Coup de poker, trahison, opération « sauve-qui-peut »… tous les termes ont été prononcés pour qualifier la décision du Centre Démocrate Humaniste (cdH) de quitter son allié socialiste à tous les niveaux de pouvoirs en Belgique francophone. Certes, il est probable que le parti de Benoît Lutgen ait tenté de jouer son « va-tout », au moment où les sondages prédisent une chute de ses résultats électoraux tant à Bruxelles qu’en Wallonie. Mais au-delà de cette stratégie politique, au-delà des affaires qui risquaient d’impacter indirectement le parti centriste, il y a aussi une autre réalité. Qu’on ne s’y trompe pas: l’appel à entamer une négociation pour de nouvelles majorités dans les exécutifs de la partie francophone du pays n’est pas seulement motivé par les affaires ou les seuls calculs électoraux. Derrière se cache aussi un désaccord idéologique.
Bras de fer confessionnels
Tous les observateurs politiques le clament: cela fait des mois que les relations entre les centristes et les socialistes sont tendues. Certains dossiers sensibles ont nettement fait apparaître un bras de fer confessionnel entre les deux partenaires. Déjà en 2016, les critiques des centristes étaient montées d’un cran au moment où l’on discutait de l’introduction du cours de citoyenneté dans l’enseignement officiel fondamental. Le projet de décret de la ministre de l’Enseignement de l’époque, Joëlle Milquet, avait été descendu en flamme par le PS. Et le ministre Flahaut n’avait pas hésité à exprimer clairement la possibilité de supprimer les cours de religion et de morale dans le réseau officiel et de les remplacer par deux heures de cours d’éducation à la philosophie et à la citoyenneté (EPC).

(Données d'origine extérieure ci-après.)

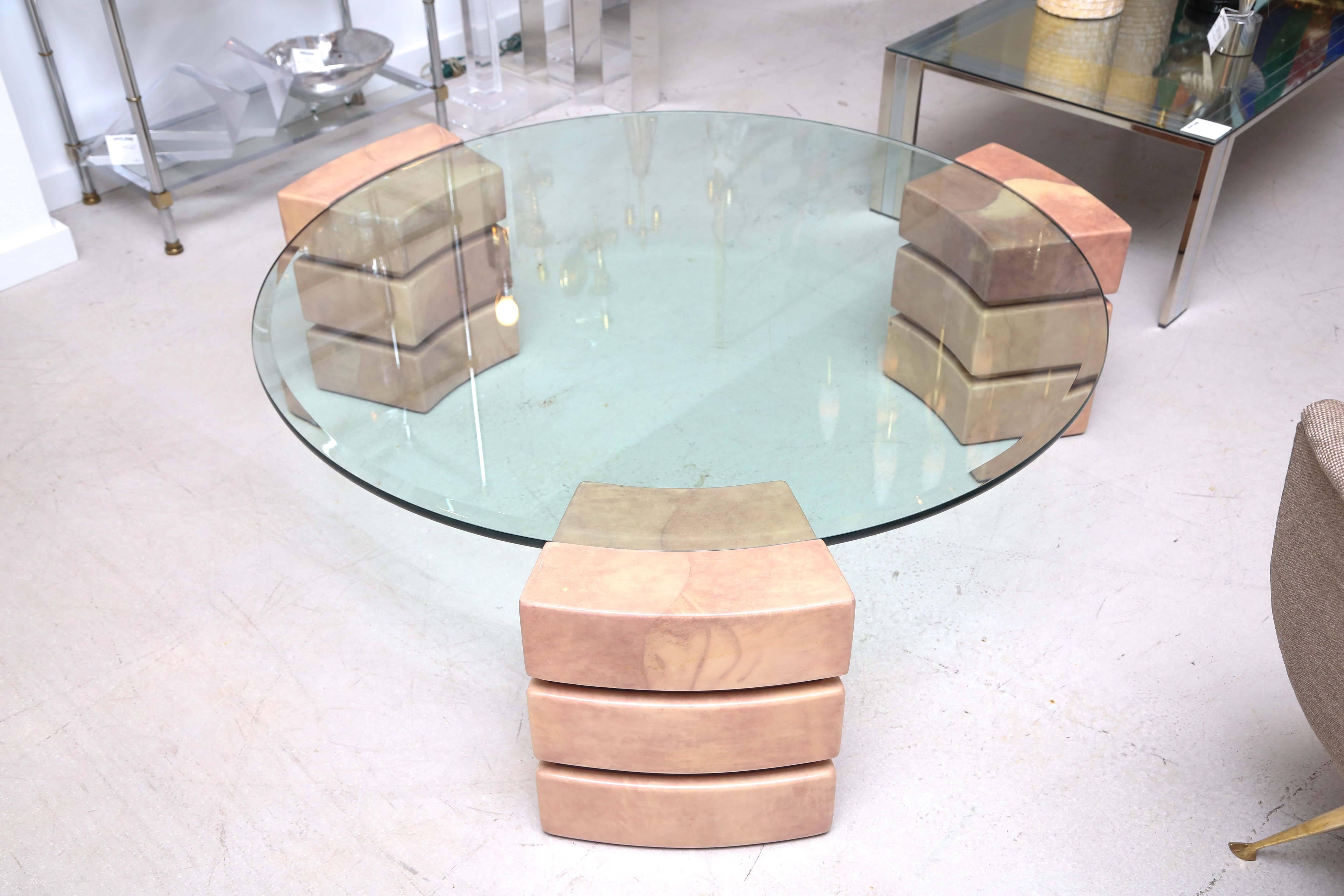Vintage circular coffee table with three stacked lacquered goatskin supports which receive the glass top.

Le cdH n’a pas apprécié non plus que le PS appuie l’appel du Centre d’Action laïque (CAL) et de la Fédération des Associations de parents de l’Enseignement officiel (Fapeo) incitant les parents à opter pour deux heures de cours d’EPC. Rappelons qu’en octobre dernier, les chefs de culte religieux avaient publié une déclaration commune dans laquelle ils demandaient le respect du choix des parents, rappelant au passage que plus de 90% des parents souhaitent l’organisation d’un cours de religion ou de morale non-confessionnelle. Dans ce dossier, il y a clairement eu un affrontement idéologique entre laïcs et croyants.
Autre dossier de friction: le financement des cultes en Wallonie. Dans son projet de décret initial, le ministre des Pouvoirs locaux, Pierre-Yves Dermagne (PS) proposait que tous les ministres des cultes – y compris les prêtres – prêtent serment devant le bourgmestre de la commune où ils sont installés. Un serment qui aurait porté sur le respect de la Constitution, de la Convention de sauvegarde des droits de l’homme et des libertés fondamentales et l’ensemble des législations existantes. Sous la pression du député régional centriste Josy Arens et d’autres élus du même parti – pourtant membres de la majorité régionale -, le ministre a amendé son projet, remplaçant la prestation de serment par une déclaration écrite sur l’honneur, ce qui répondait à la demande exprimée à la fois par les juifs, les protestants et les catholiques. La mise en conformité des établissements de cultes reconnus aux obligations prescrites par le décret a aussi été amendée par le cdH.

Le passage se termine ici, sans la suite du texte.